Monitoring cloud-native applications
What to consider when evolving your monitoring strategy as you adopt a cloud-native approach.
What to consider when evolving your monitoring strategy as you adopt a cloud-native approach.
Cloud-native applications are increasingly being adopted across industry. Today it is no longer only companies like Netflix, Amazon or Gilt who build these highly scalable and dynamic applications. At least every other week I learn about companies—even those in very traditional spaces like finance and insurance—rebuilding their application stack to move towards a cloud-native approach. As we now see increased adoption of cloud-native applications we can also see how it affects the way we monitor applications. At first you might think that these applications are “just another technology to monitor”. Once you take a closer look, however, you realize that this is not just about a new set of technologies, but rather an entire paradigm shift in how we build, manage and run applications. Best practices from five years ago have become anti-patterns.

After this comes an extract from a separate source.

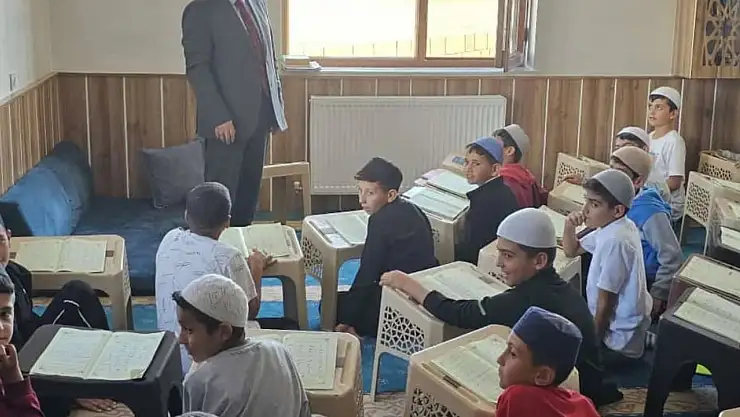 Müftü Koçak, Bitlis'teki Kur'an kurslarını ziyaret ederek öğrencilere moral verdi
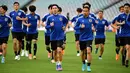 Para pemain Jepang melakukan pemanasan saat mengikuti sesi latihan di Stadium Australia di Sydney (23/3/2022). Jepang akan bertanding melawan Australia pada kualifikasi Grup B Piala Dunia Qatar 2022 zona Asia pada Kamis (24/3/2022) di Stadion Australia. (AFP/Saeed Khan)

Some examples of these anti-patterns and their “best practice” counterparts
Before we dive into the details of the impact of this new paradigm on monitoring, let’s define what a cloud-native application looks like.
Unlike the name suggests, cloud-native applications are about much more than just the cloud. In fact, “the cloud” has evolved to mean much more than just a set of compute resources. Today “the cloud” refers to an entire paradigm about how applications are built, whether on-premise or off. We can break this paradigm down into a set of key aspects.
With all these substantial changes to the way we deliver applications, we need to start to wonder about what the effect on monitoring is. Can we still use our good old monitoring stack or is something new or different required? From a 10,000 feet view not so much has actually changed. We still monitor infrastructure and applications. The devil is in the details. Having had the chance to look at and work with companies adopting cloud-native applications, here is what we have learned.
Depending on the maturity of your organization, your monitoring stack might be rather mature already. A combination of infrastructure monitoring covering hosts and the network, application monitoring covering service level data like errors or response times, real-user monitoring covering end-user response times and errors as well behavioral data and log monitoring goes a long way. These information sources are as valuable in a cloud-native world as they were with traditional applications.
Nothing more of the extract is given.